I've written before about the surprising origins of the name Vanessa – invented by Jonathan Swift, no less – but I hadn't fully realised the Swiftian origins of the Latin name for the Red Admiral until I read about it in Peter Marren's excellent Rainbow Dust: Three Centuries of Delight in British Butterflies.
It was not the Swede Linnaeus but the Dane Johann Christian Fabricius who gave the Red Admiral its grand binomial, Vanessa atalanta. He clearly took 'Vanessa' from Swift's poem 'Cadenus and Vanessa', which Marren describes pithily as 'an autobiographical love poem dressed up as a fairy story of nymphs and shepherds'. ('Cadenus' is an anagram of Decanus, a Dean, Swift's ecclesiastical rank.) But what of Atalanta? She is a figure from Greek mythology, a formidable virgin huntress and athlete who was notably reluctant to marry – and her name appears once with Vanessa's in 'Cadenus and Vanessa' –
'When lo! Vanessa in her bloom
Advanced, like Atalanta's star.'
Surely Fabricius happened on those lines and had his inspiration – there was Vanessa atalanta, ready-made.

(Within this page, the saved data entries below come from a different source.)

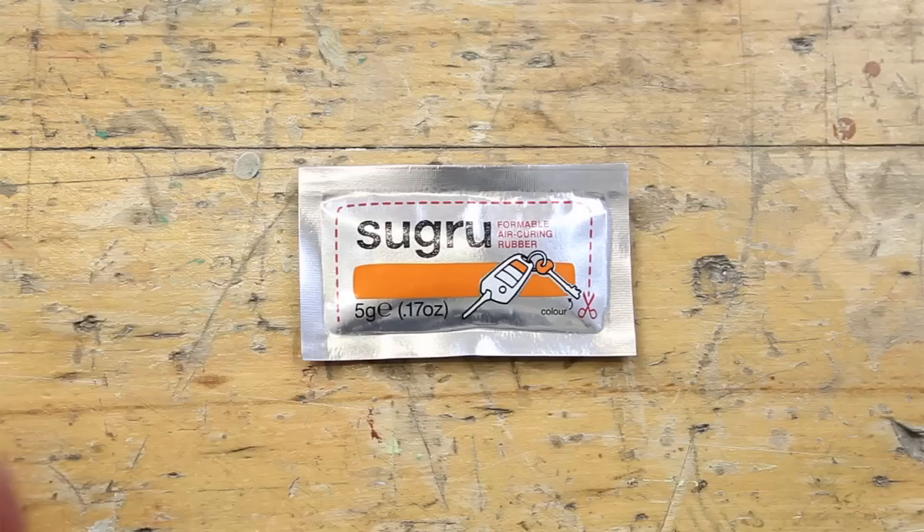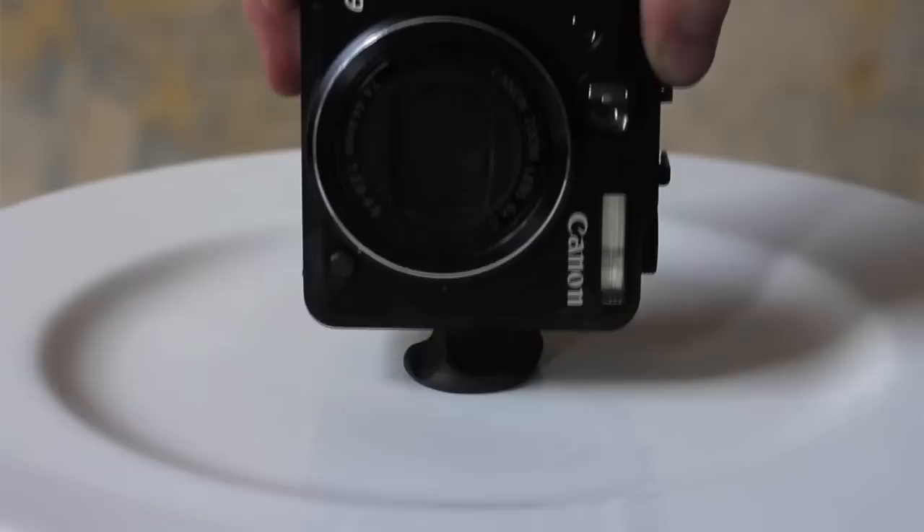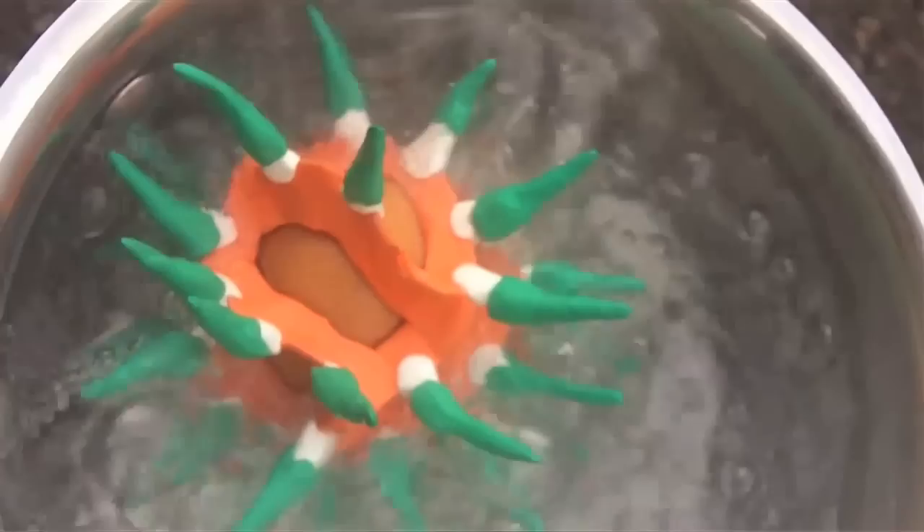After years of R&D, this is it. Out of the pack, it feels like Play-Doh, so it's super easy to mould. It bonds to most materials and it cures overnight into a tough, durable silicone rubber. And because it's silicone, it's got some fantastic technical features too, like it's dishwasher-proof, heat and cold resistant and even electrically insulating.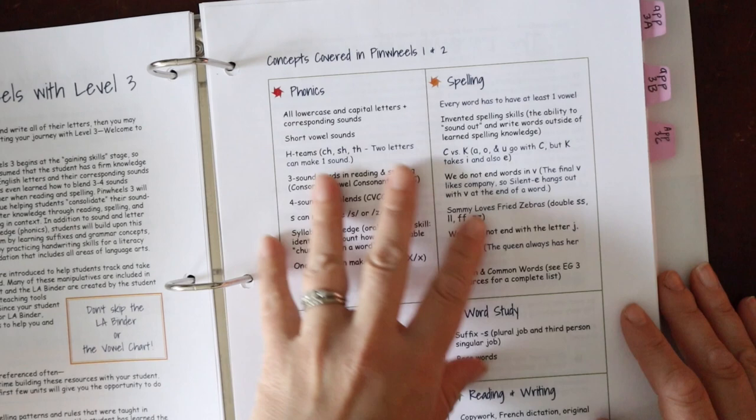Halfway through Pinwheels 3 — and this is true with their other levels — they have a 'Take a Breath' part. They're having you literally pause and think it through: all learning requires some level of struggle, and they discuss the difference between destructive struggle and productive struggle. They have a video on that on YouTube as well, and then guide you to reflect on how the first half of Pinwheels 3 has gone.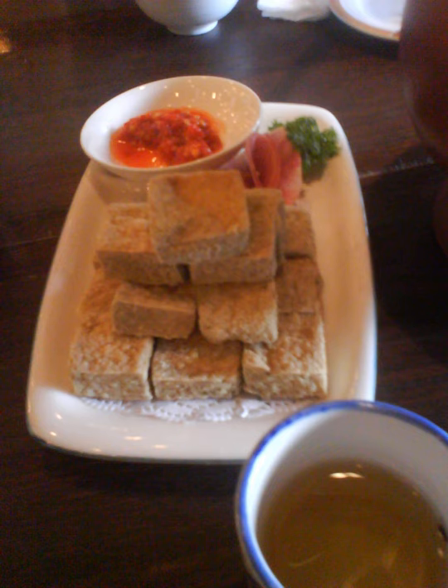Deep-fried stinky tofu is a common dish in both Taiwanese night markets and restaurants. Before the 1990s, hawkers even wandered around the street and peddled deep-fried stinky tofu. In Taiwan, people usually eat the deep-fried stinky tofu, often sold from carts, with local sweet and sour pickled cabbage, believed to relieve the greasiness.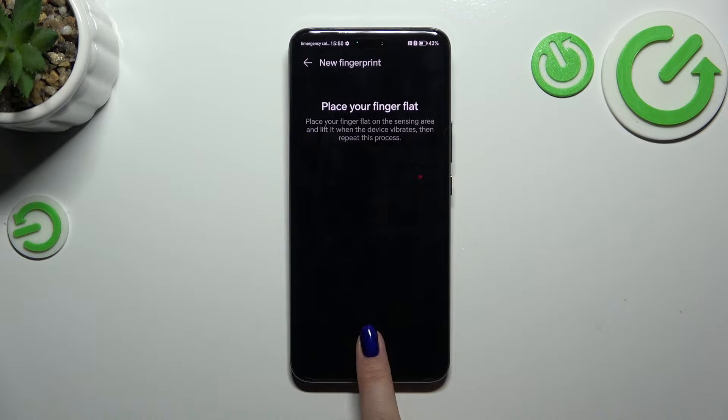And here we've got the sensor. So let's put our finger on it and do it multiple times in order to add our fingerprint fully. Try to catch every part of it for better recognition, of course.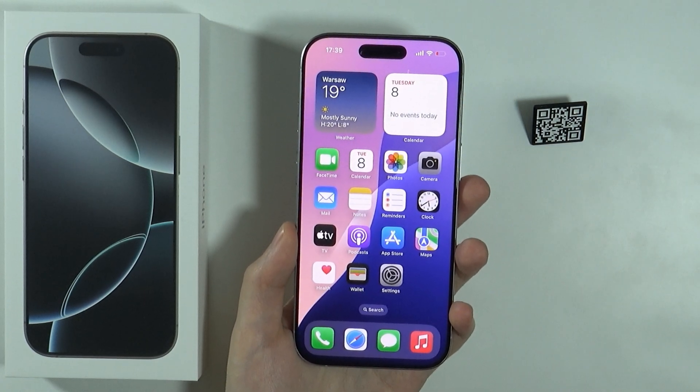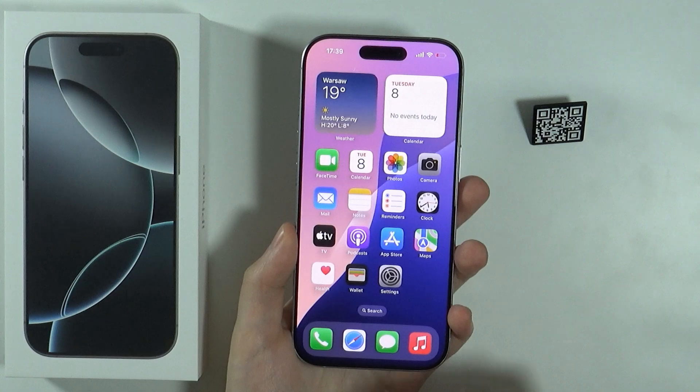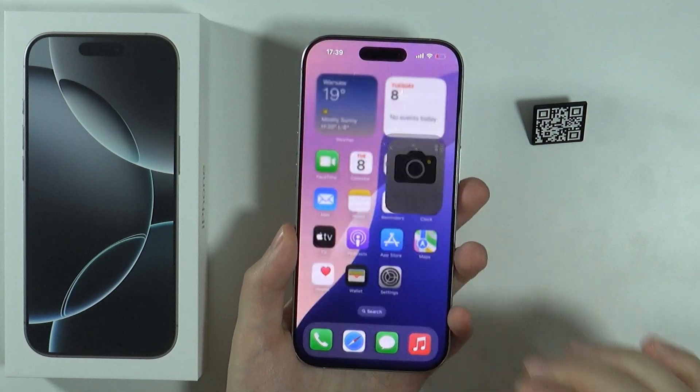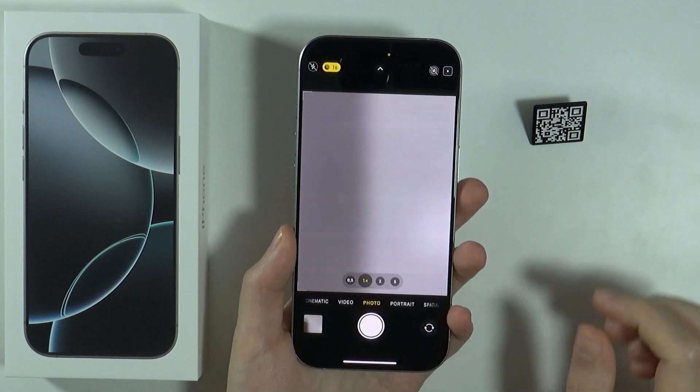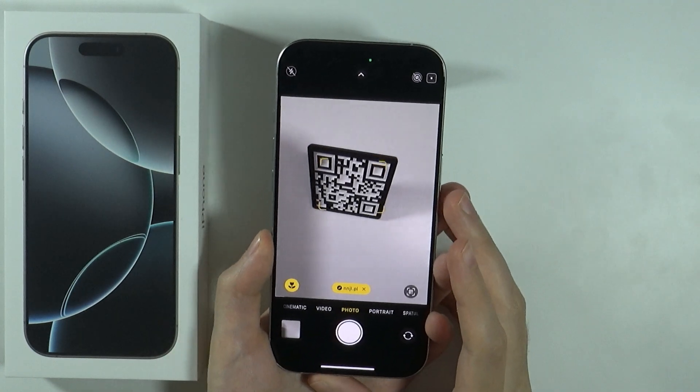Hello, in this video I'm going to show you how to scan QR codes on iPhone 16 Pro and Pro Max. In order to scan QR codes, you can open the camera and then using the photo mode you can simply aim towards the QR code in order to scan it.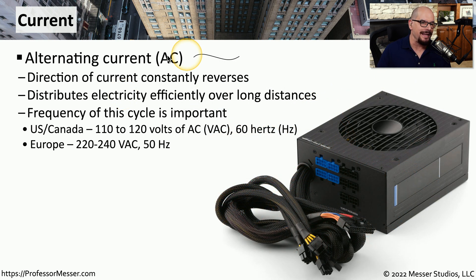Alternating current is abbreviated as AC, and that is the type of power we receive from the outlet in the wall. We commonly distribute power using AC because it can be sent over very long distances. The direction of the current is constantly alternating between one direction and another. We refer to the number of times this current alternates as hertz. In the US and Canada, it's common to have 110 to 120 volts of AC alternating at 60 hertz. In Europe, you'll commonly find 220 to 240 volts of AC at a 50 hertz frequency.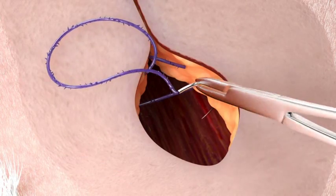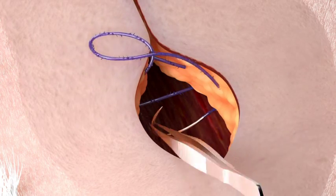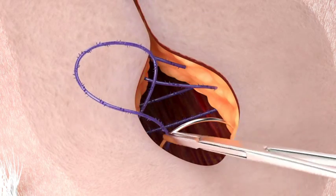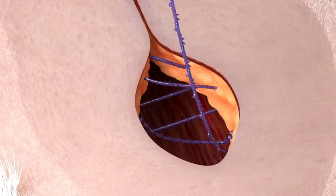You then engage the other arm of the quill device and continue to close the remaining half of this same layer. Do not backstitch and cut this arm of the quill device, as this arm will be used to close the more superficial layer.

Handel wrote an opera Atalanta. Here is a rather lovely aria from it : 'Care Selve' (dear woods) –
As it happens, I saw a handsome Red Admiral this morning, in a local byway that in my boyhood was known (for no good reason) as Murder Alley. The Admiral was taking a quick hit of nectar from a very late bramble flower before flying off and away. It might be my last butterfly of the year – but I've already thought that about a Peacock in Derbyshire and a local Small White, so who knows?

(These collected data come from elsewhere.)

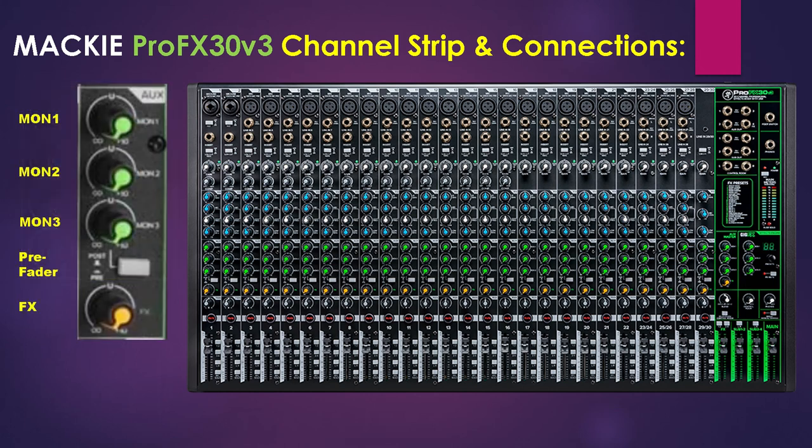Next we have the AUX MON knobs. These tap a portion of each channel signal to set up a monitor mix feeding the stage monitors, independent of the main mix. You adjust these controls on each channel until the band is happy with the monitor mix. The controls are off when fully turned down, deliver unity gain at the center detent, and can provide up to 10 dB of gain when turned all the way up. The pan, mute, and channel faders do not affect the monitor output, but other channel controls will — the AUX monitor is pre-fader.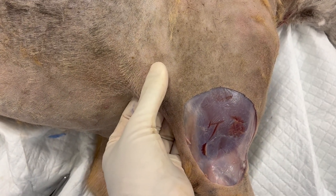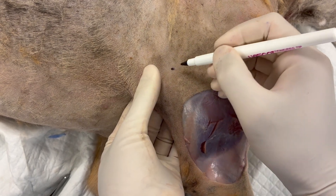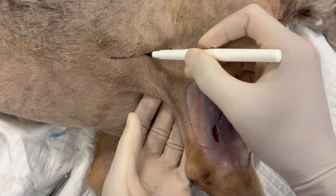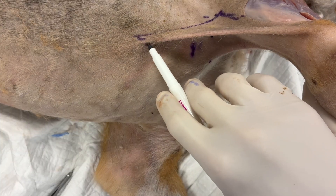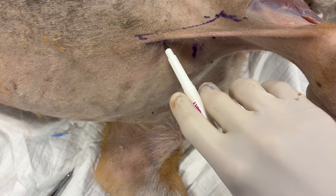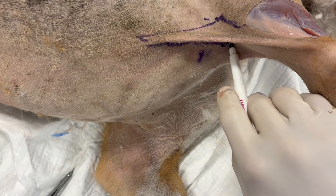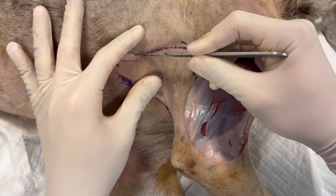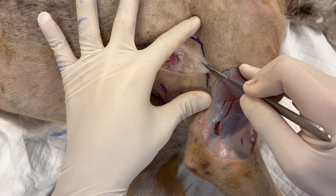Here I'm grasping the fold and opposing my thumb and fingers together to see how we can close that tissue if we remove the fold. Now I'm outlining the margins of the fold, and you can see in this case the incisions are horizontal along the thorax with the base of the pedicle on the medial brachium.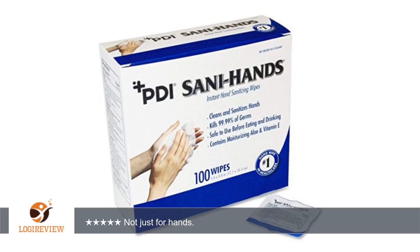Hello, welcome to Best Reviews on YouTube. This item has a rating of 5.0 out of 5 stars. A customer wrote: 'Very useful — not just for hands. Can also use in the bathroom where there is no Lysol spray. Cleans nicely, not just for hands.'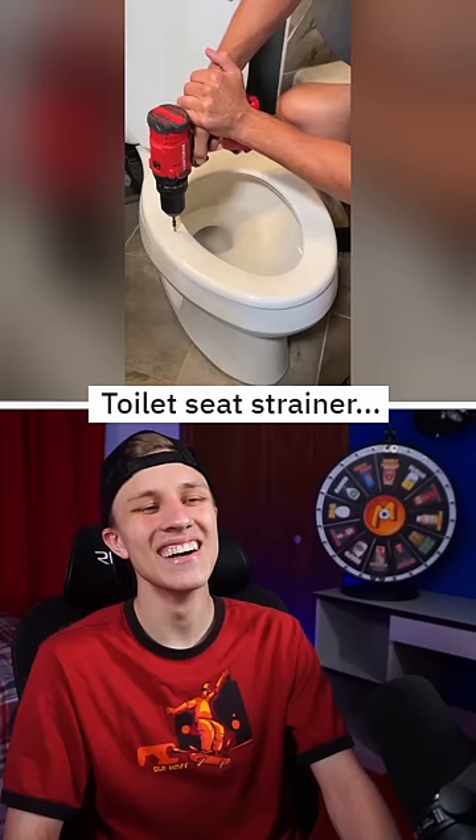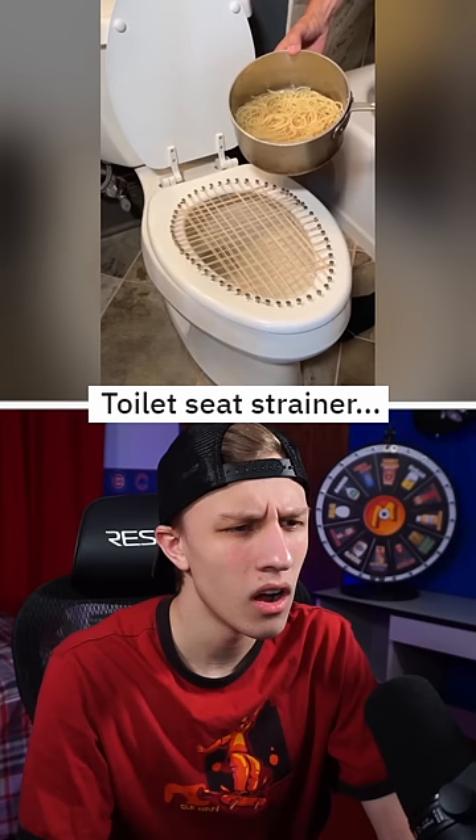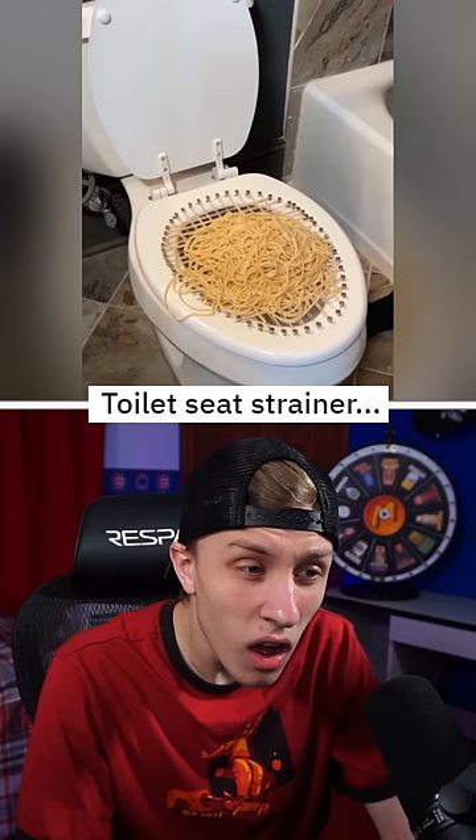What is that? Toilet seat strainer. We're gonna take homemade pasta and pour it right into the toilet. Notice how it collects all the pasta perfectly right on top. And what you want to do is take this lid and bring it down and give it a good push. No. No, you don't want to do that. If you disconnect it back here you can pick it up and bring it right to the kitchen. Okay.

Couldn't read this Nige, without giving you a nudge toward (or reminder of) Samuel Barber's great 50's opera Vanessa. He didn't write much, but everything he did write has the polished beauty hinted at in this short aria. America's greatest composer? Hard to say no https://www.youtube.com/watch?v=-b-fF_HMlPA
ReplyDeleteGosh yes, that is lovely – I must look into Vanessa. Everything I've heard of Barber's I've found impressive. Thanks, Mm.